|Al Jazeera’s Patty Culhane reports from Elkhart, Indiana, where there is more evidence the US economy is in a rut|
The US labour department has released the unemployment and job creation figures for the month of July, revealing higher-than-expected job-creation rates and giving hopes that the economy has not stalled.
The announcement on Friday said that 117,000 jobs were created this month, lowering the unemployment rate from 9.2 to 9.1 per cent.
Economists predict at least 125,000 jobs are needed to accommodate new entrants to the work force in order to keep up with the growing population, and 250,000 jobs are needed bring about a significant decline in the unemployment rate.
The economy needs to expand at an annual rate of at least 2.5 per cent to keep the unemployment rate from rising.
The labour department report also revised upward the data for the previous two months, which had originally raised concerns that the economy had flat-lined.
“What the numbers actually reflect is that the economy is adding jobs, but it’s not adding enough jobs,” Al Jazeera’s Patty Culhane reported from Ekhart, Indiana, on Friday.
“It doesn’t seem to these people in Indiana that it has gotten any better … What they know here is that they’re mad. They’re frustrated.
“People in Indiana are angrier than I’ve ever seen them with Washington DC.”
Offsetting job loss
The better-than-expected numbers came after markets worldwide fell sharply on worries that the data would show the US economy headed into stagnation.
The private sector generated 154,000 jobs in July, offsetting a loss of 37,000 positions in the public sector, many of which came from sweeping layoffs in the state of Minnesota as the government shut down due to a political fight over spending and union benefits.
Al Jazeera’s Rob Reynolds reports from Texas where jobs offer low pay and fewer benefits amid 8.2% unemployment
On average, economists had forecast only a net 84,000 jobs generated.
“Job gains occurred in health care, retail trade, manufacturing and mining,” the labour department said.
“The decline was almost entirely due to the partial government shutdown in Minnesota.”
The labour department revised the figures for June to 46,000 net jobs [from the original 25,000 estimate] and for May, 53,000 [from 18,000].
Though better than before, the three-month average remains well below the amount needed to accommodate new entrants to the workforce, and that is besides a cut to the overall official number of 14.1m US citizens without jobs.

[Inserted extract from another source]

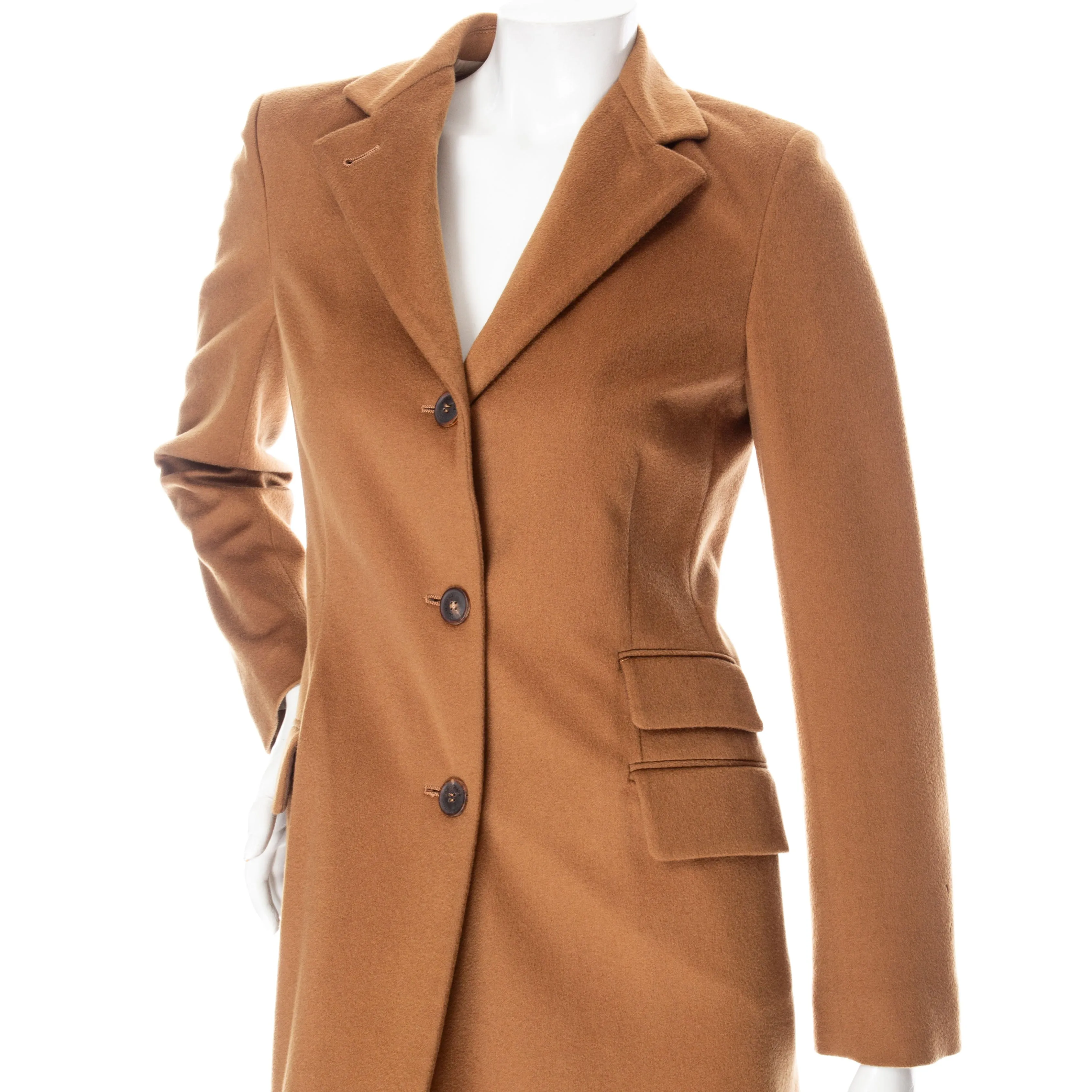 Brown Cashmere Notch Lapel Single-Breasted Coat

The US stock market also opened better than expected on Friday, which has largely been attributed to the labour department’s job report.
Long way to go
But the economy still has a long way to go to recover its losses over the past two and a half years.
The US stock market closed on Friday after a shaky day, where the market opened positively, but bounced back and forth, closing not far from where it had started.
The major Dow Jones closed up 0.5 per cent, Standard & Poor closed down 0.1 per cent, and Nasdaq closed down 0.9 per cent.
That came after Thursday’s close in which the Dow lost 513 points – its biggest loss since 2008.
“Clearly, the country and the markets are still nervous and still a little uncertain,” Al Jazeera’s Kristin Saloomey reported from Wall Street in New York City.
“The jobs that were lost in the first recession have not been recovered … but things are a little more positive here on Wall Street.”
Earlier in the day, European markets fell on deepening fears about a debt crisis in the European Union and concerns about US economic growth.
London’s FTSE-100, Paris’ CAC-40 and Frankfurt’s DAX indices all opened down over three per cent on Friday.
After the sharp initial drop, all three indices had recovered slightly by 1200GMT, with the British FTSE-100 at 5,282 points, the German DAX at 6,300 and the French CAC at 3,309.
Earlier, Asian markets also fell steeply, after heavy losses in European trading through the day on Thursday.